TASK MATERIAL:

* * * * *

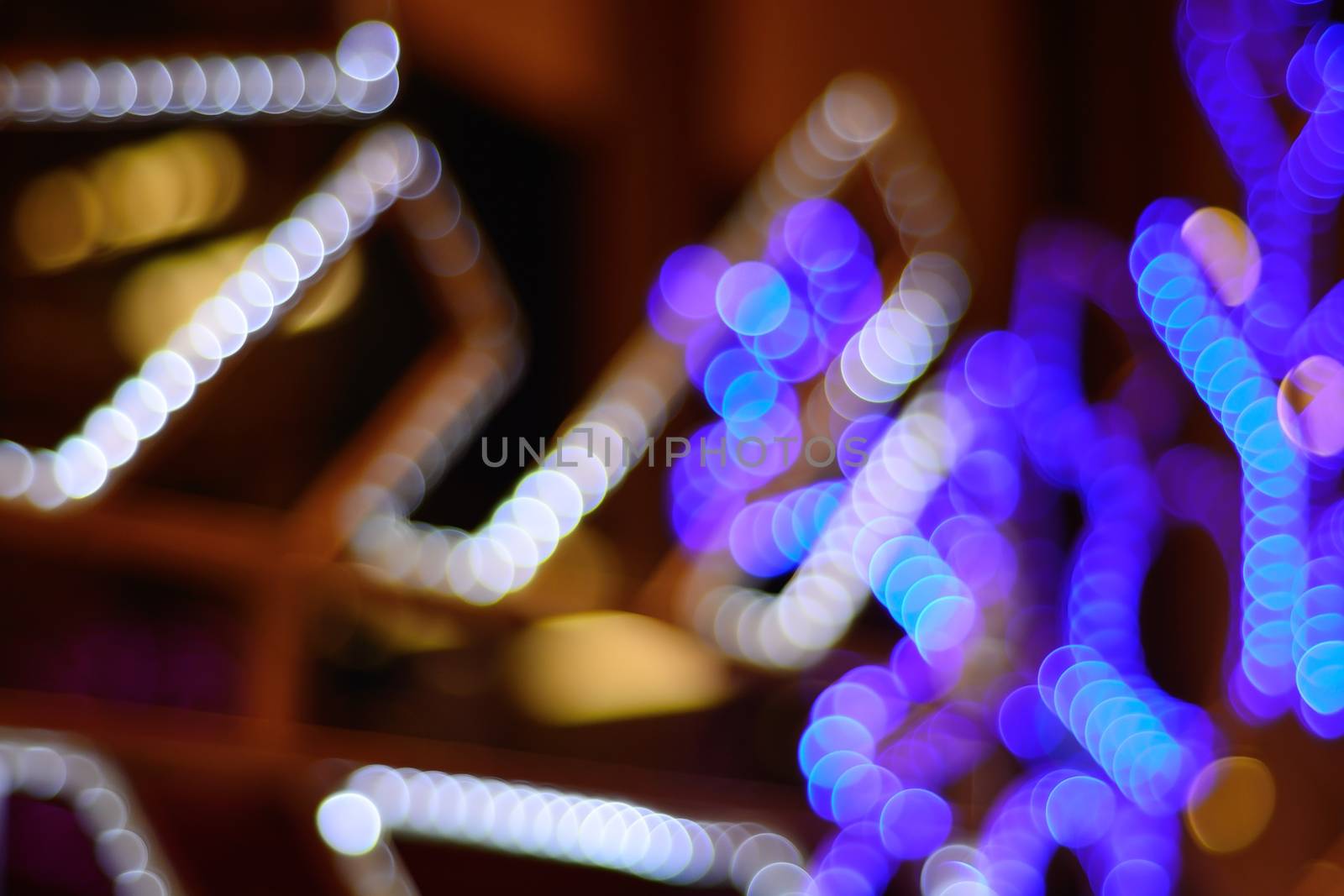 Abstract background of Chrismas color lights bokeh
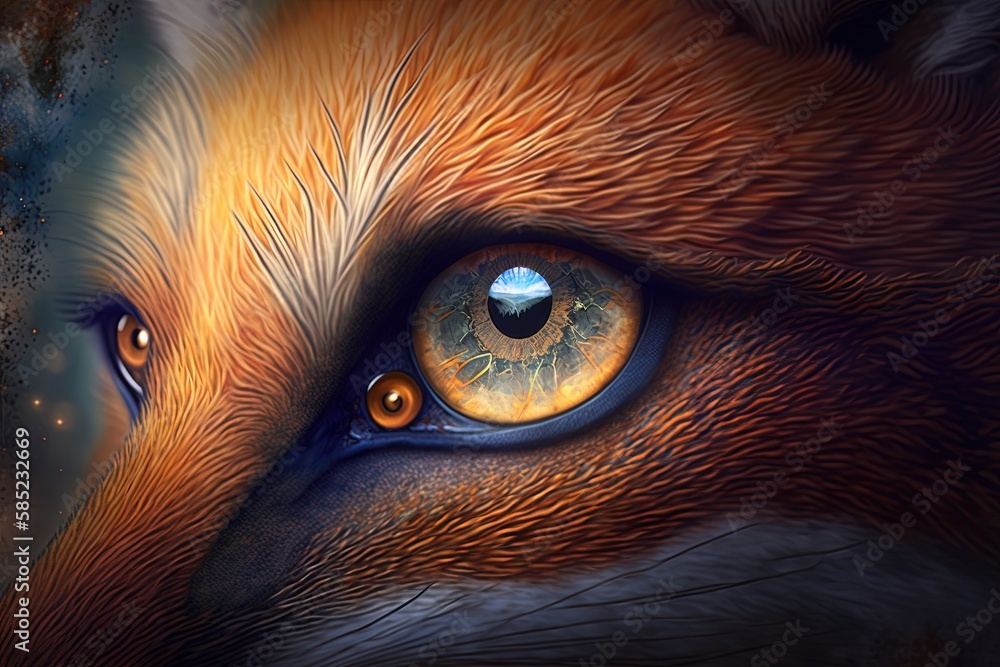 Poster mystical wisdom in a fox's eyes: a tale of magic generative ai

* * * * *

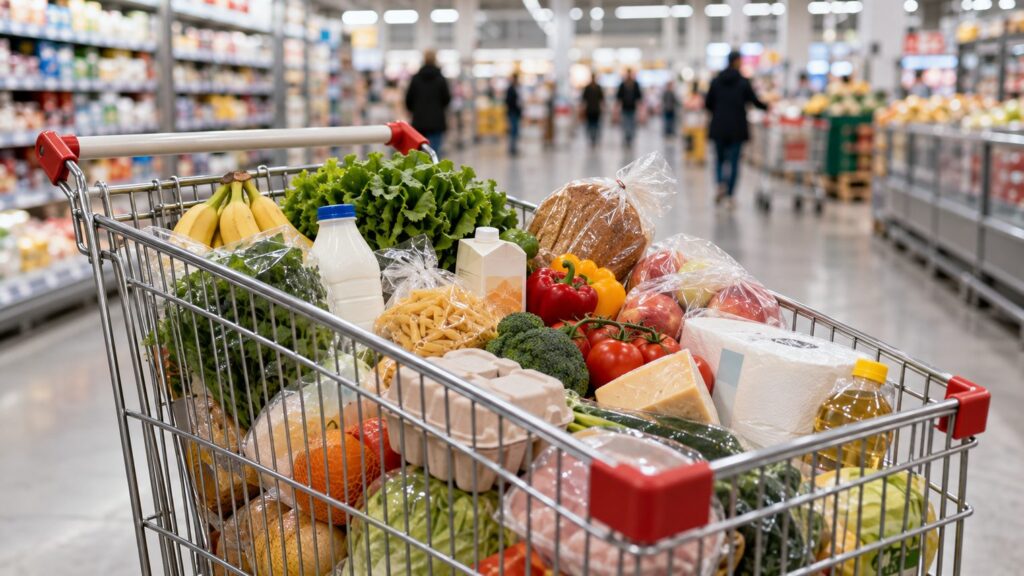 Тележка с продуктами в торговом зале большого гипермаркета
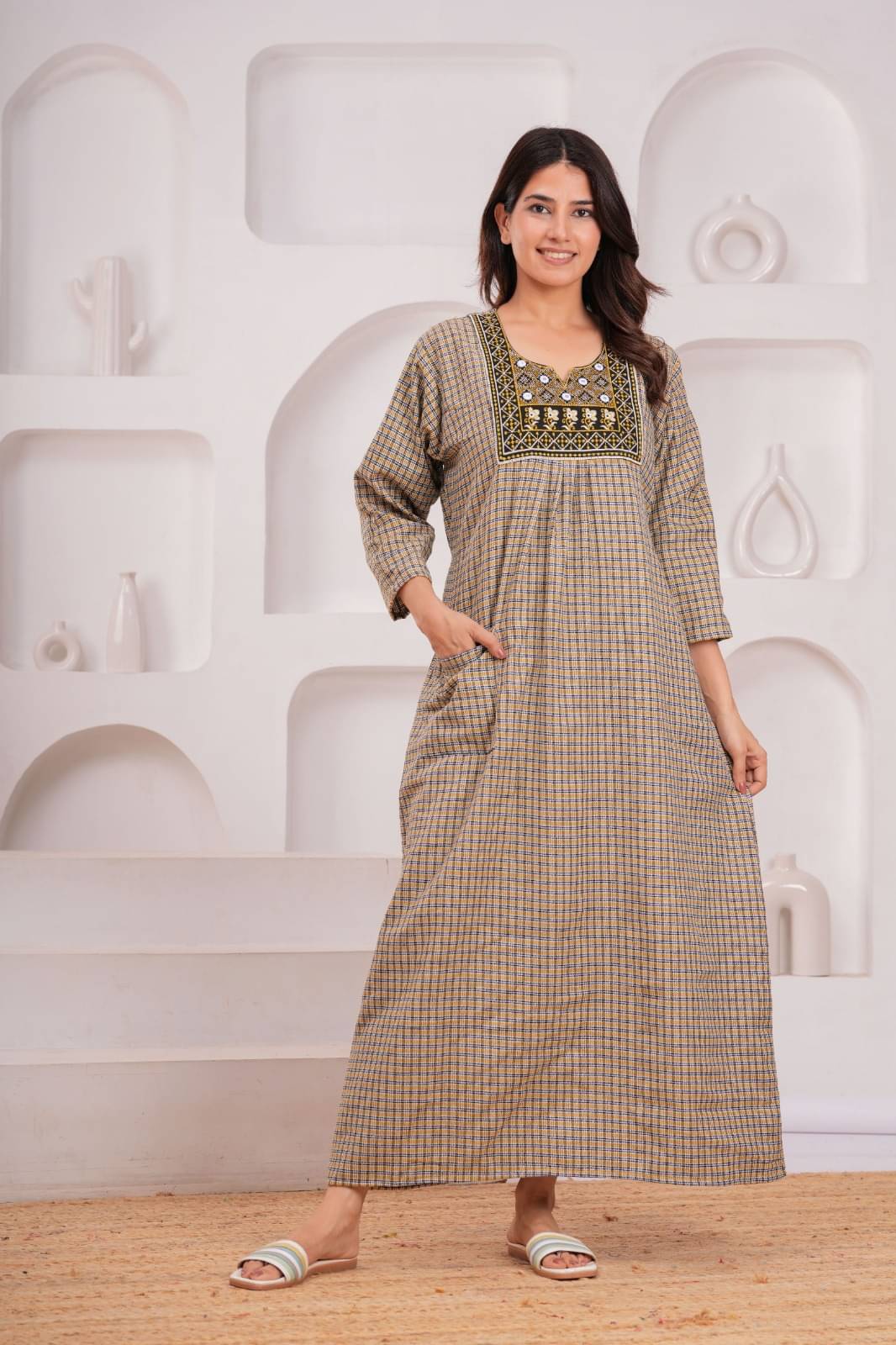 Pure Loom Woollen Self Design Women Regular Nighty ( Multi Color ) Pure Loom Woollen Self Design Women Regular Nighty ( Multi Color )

* * * * *

TASK DESCRIPTION: Beginning at the line above that contains "Abstract background of", repeat each line exactly through the one that contains "Poster mystical wisdom", and leave out the pictures.

OUTPUT BELOW:
 Abstract background of Chrismas color lights bokeh
 Poster mystical wisdom in a fox's eyes: a tale of magic generative ai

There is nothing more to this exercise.